Setting up the tunnel with HE was painless. You just configure a simple 6in4 (gif on BSD / sit on Linux) tunnel from your IPv4 to the endpoint they provide to you and your are done!

In the meantime we also configured the IPv6 prefix that we received from our ISP. I used ndppd, an NDP proxy daemon, so that our ISP modem believes that the IPv6 hosts are located on the same link and not one or more hop away (as they really are indeed, there is an intermediate router between our LAN and the modem). So we don’t need SixXS anymore which is great!

IPv6 representation in NSD

I use NSD as my authoritative DNS. Today I made a mistake while entering new AAAA records.

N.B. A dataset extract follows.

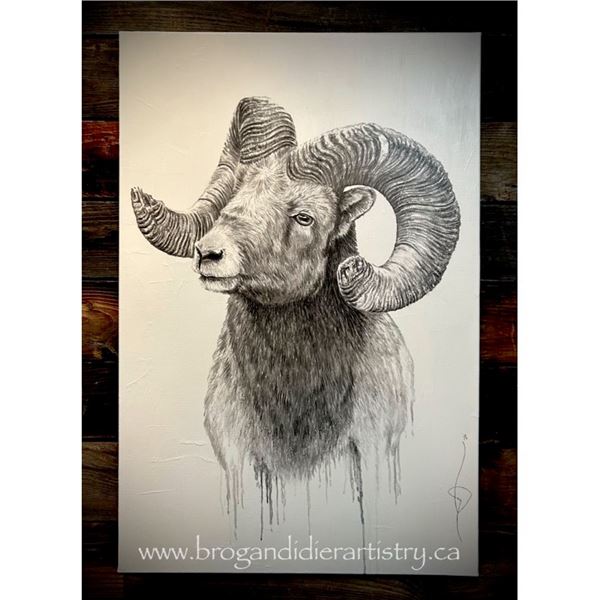 Custom framed & sealed original charcoal drawing of a Southern B.C Bighorn Ram. Brogan Didier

Actually it was a bug in one of the scripts we use to manage our zones. Take the following representation, 2001:aaaa:bbbb:cccc::1111:2222:3333:4444, it is not a valid representation for an IPv6 address. According to the RFC4291, the double-colon symbol (::) indicates one or more groups of 16 bits of zeros. Since 8 groups of 16 bits are explicitly written in the preceding representation, the 128 bits of the IPv6 address are already detailed so there can be no extra group of zeros. The reason I made this mistake is that if you often work with /48 prefixes and you don’t care about your 65k subnets, all your IPv6 addresses will have zeros between the prefix and the interface ID.

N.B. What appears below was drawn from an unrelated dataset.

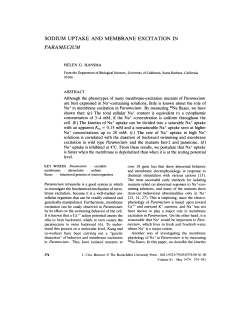 SODIUM UPTAKE AND MEMBRANE EXCITATION IN PARAMECIUM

Most programs will detect this as invalid, probably because they use inet_pton() to translate the address into its binary representation. Some others, such as ipv6calc parse the address manually and do not consider this as a buggy representation. In the latter case, the group is considered empty, and the double-colon implicitly translated to a single colon.

If you use this kind of invalid representation in a AAAA record, NSD will not reload your zone correctly, but on the other hand, neither will it complain and the queries will be made on a database that still contains your old zone. Of course this would not happen if you used nsd-checkzone to check your zone before reloading it.